Aug. 31 (Bloomberg) -- Cerberus Capital Management LP plans to raise money in the fourth quarter to buy distressed companies and securities after losses on investments such as Chrysler LLC and GMAC LLC led to $4.77 billion in client redemptions.

The withdrawal requests, representing 60 percent of the $7.9 billion in its Cerberus Partners LP and Cerberus Institutional LP funds, came mostly from other managers who need to pay off investors, according to Mark Neporent, the New York- based firm’s chief operating officer and general counsel. Institutions and wealthy individuals are still looking to invest with Cerberus, which oversees $24.3 billion, including a $1 billion fund raised last month, he said.

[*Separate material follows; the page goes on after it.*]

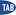'tabservice.com' icon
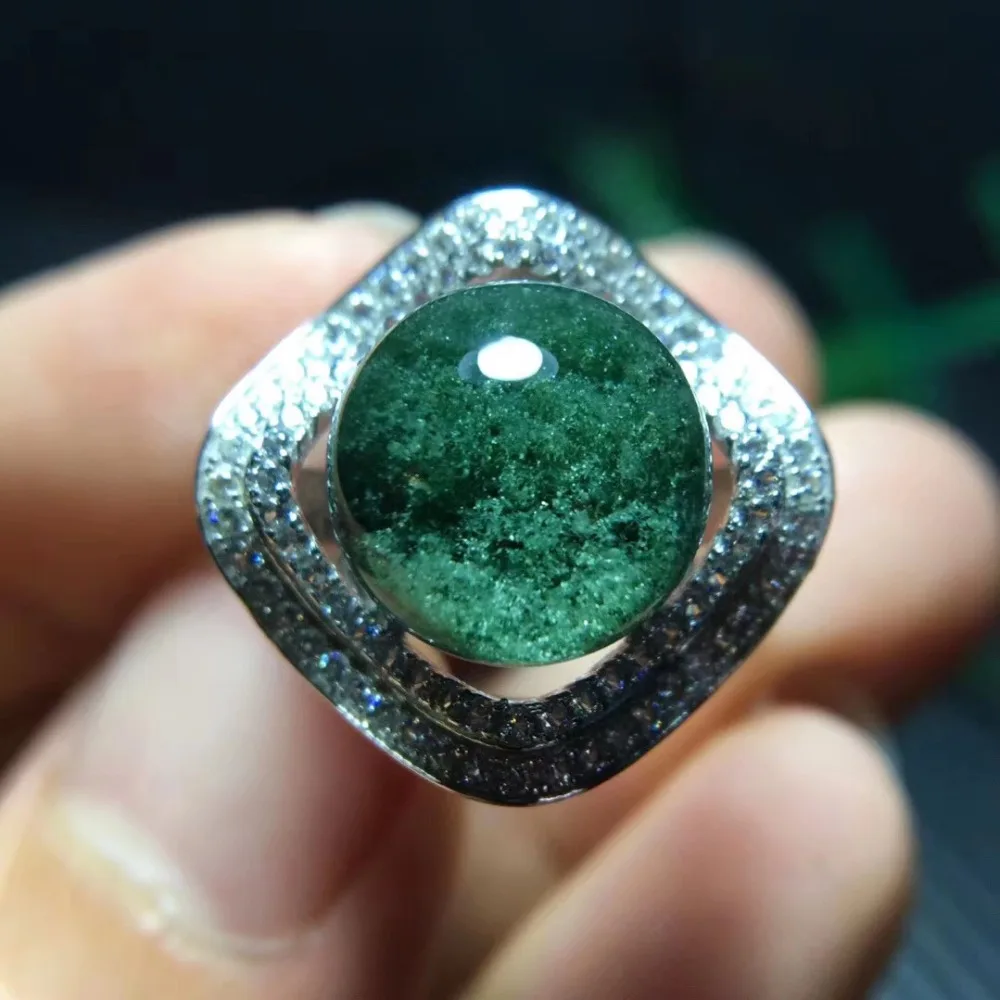 mmexport1580276542093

“These redemptions are not a reflection of a lack of confidence, but a reflection of demands of liquidity” from the funds of funds that had placed clients’ cash with Cerberus, Neporent said in an Aug. 29 interview.

Cerberus, founded in 1992 by former Drexel Burnham Lambert Inc. banker Stephen Feinberg, stayed out of the limelight as it focused on buying troubled companies, debt and real estate. It stumbled with its two highest-profile deals: leading separate groups that invested almost $15 billion combined for controlling stakes in automaker Chrysler and GMAC, the former finance arm of General Motors Co.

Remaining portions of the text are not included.